Written by Tim Takechi
We’ve all heard about giving peace a chance. But how about earning your degree in it?
Some universities across the world offer a Peace Studies major; a degree that sounds nice but inevitably brings up this question:
What the heck are you going to do with that?
According to the Princeton Review, “Peace Studies includes the analysis of peace movements, arms control and nuclear disarmament, peace activism, and conflict resolution.”
Peace Studies, in short, is a major designed to study methods to create a more peaceful and just society. Intrigued? Read on.
Those studying Peace Studies will come across the popular idiom “nonviolent conflict resolutions,” a practice of applying principles of civil disobedience, international development, foreign policy, the history of armed conflict, economic theories and practical applications to the real world.

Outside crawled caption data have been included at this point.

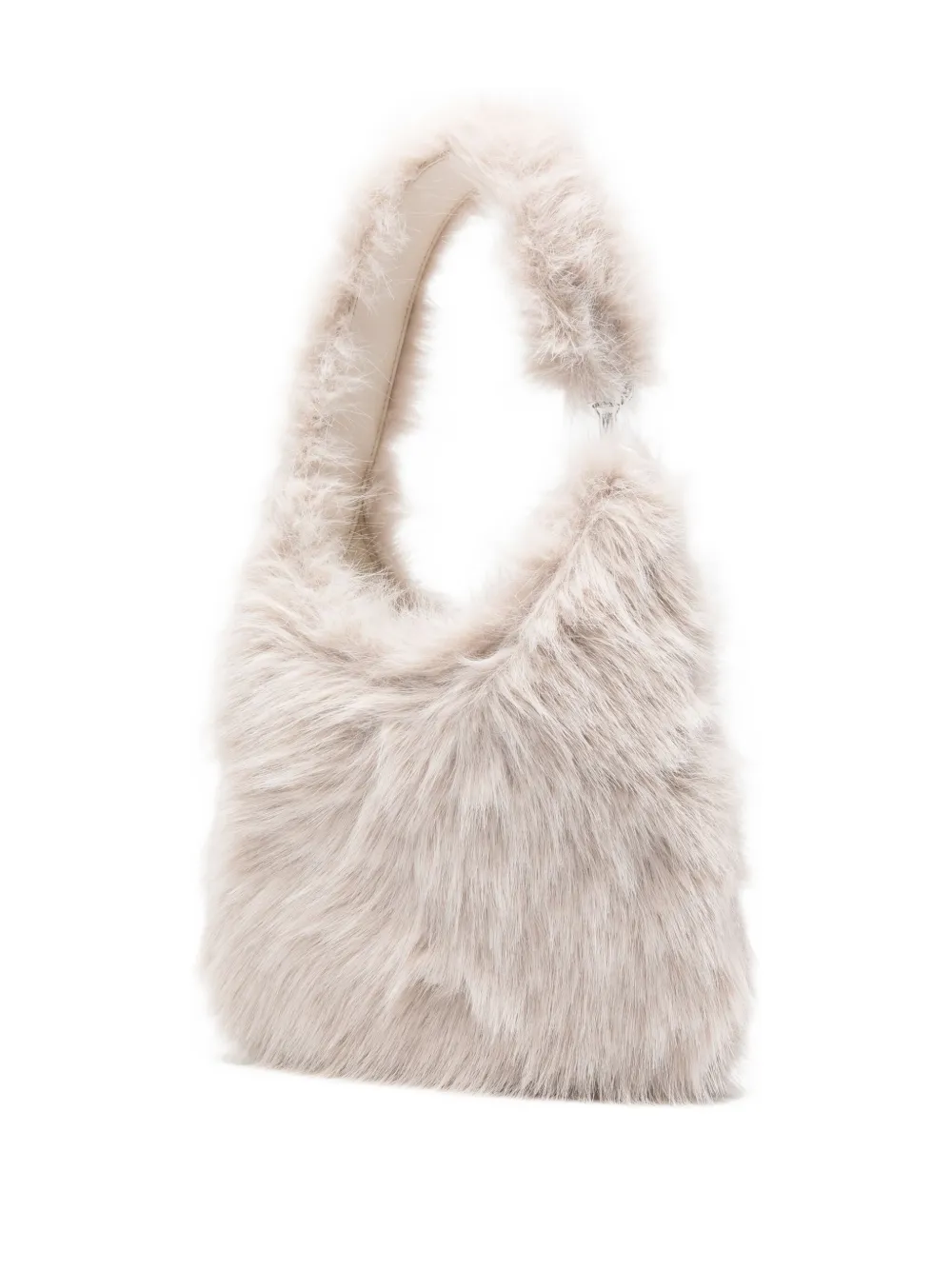 Liviana Conti Small Faux-fur Tote Bag In White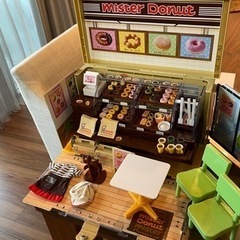 リカちゃん　ドーナツいっぱい　ミスタードーナツショップ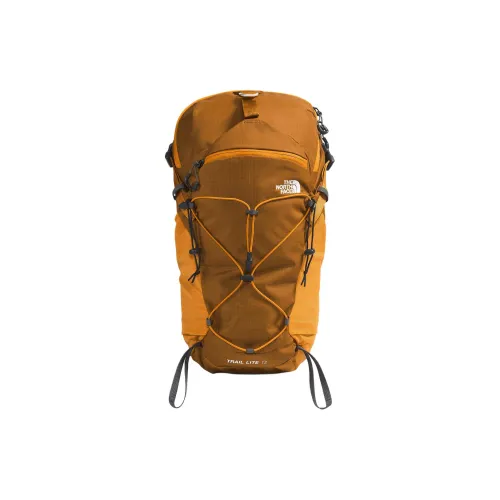 THE NORTH FACE Backpacks Wooden Brown With Yellow Crystal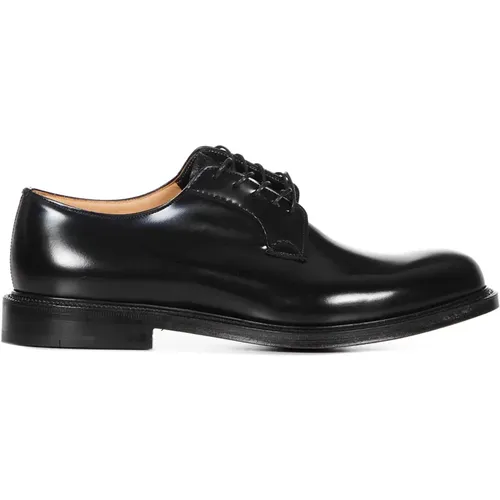 Schwarze Leder Derby Schuhe - Church's - Modalova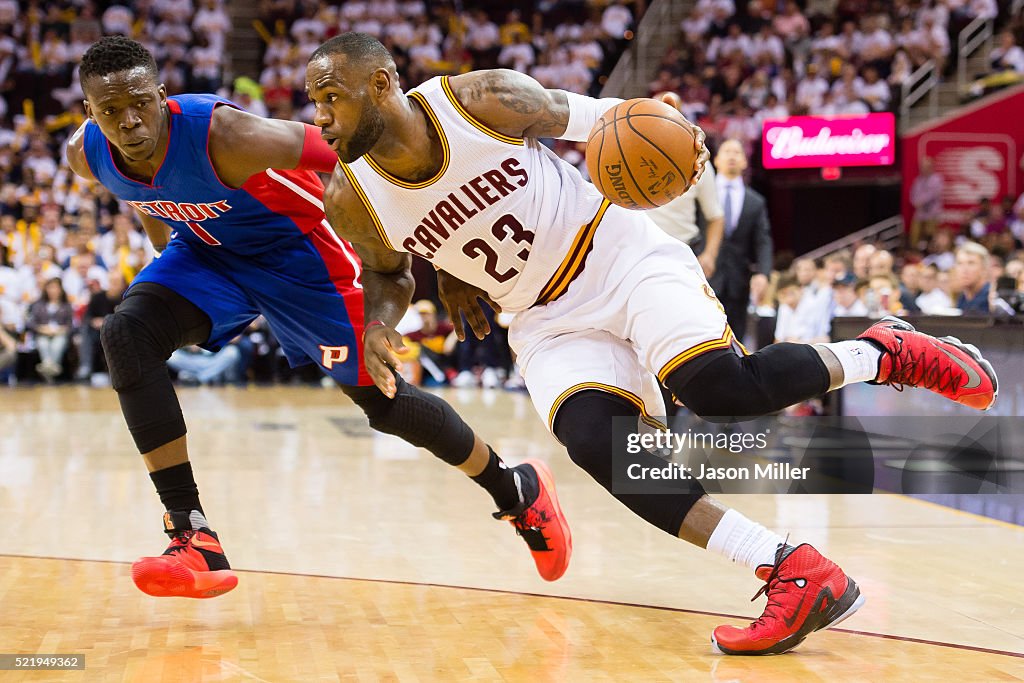 Detroit Pistons v Cleveland Cavaliers - Game One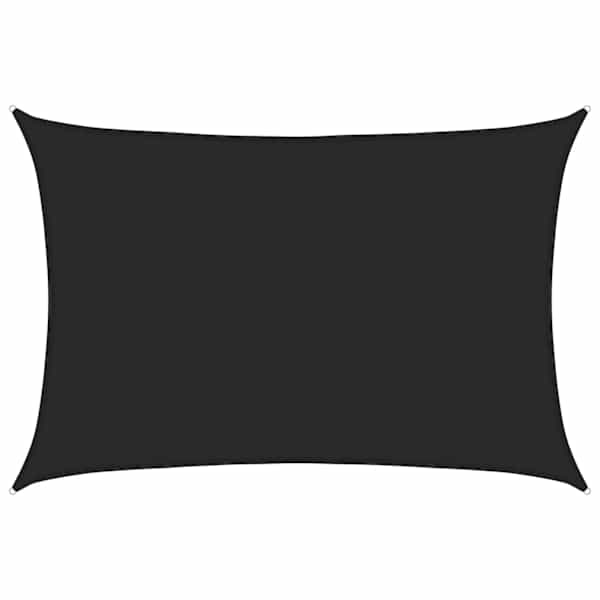 vidaXL p&auml;ikesepuri, 160 g/m&sup2;, must, 4x6 m, HDPE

In a world full of violence, it seems appropriate for institutions of higher education to offer courses teaching ways to make our world more peaceful. Is there no better way to make a positive global impact than to spread the peace?
Students studying peace and nonviolence will find themselves in an interdisciplinary major, meaning they will take courses from a variety of departments ranging from history, international relations, political science, philosophy, sociology, psychology, economics and communications. Some universities may offer a Peace Studies minor that works within a larger department.
But that pesky question always comes up. What the heck can you do with a degree in Peace Studies? Are there any jobs out there searching for graduates of that specific major?
Whitworth University, a private Presbyterian college located in Spokane, WA, offers a B.A. in Peace Studies within the Political Science department. The department’s goal is to “prepare students for careers in government and politics, law, humanitarian work, teaching, research and peacemaking, and for work in related fields such as business or missions.”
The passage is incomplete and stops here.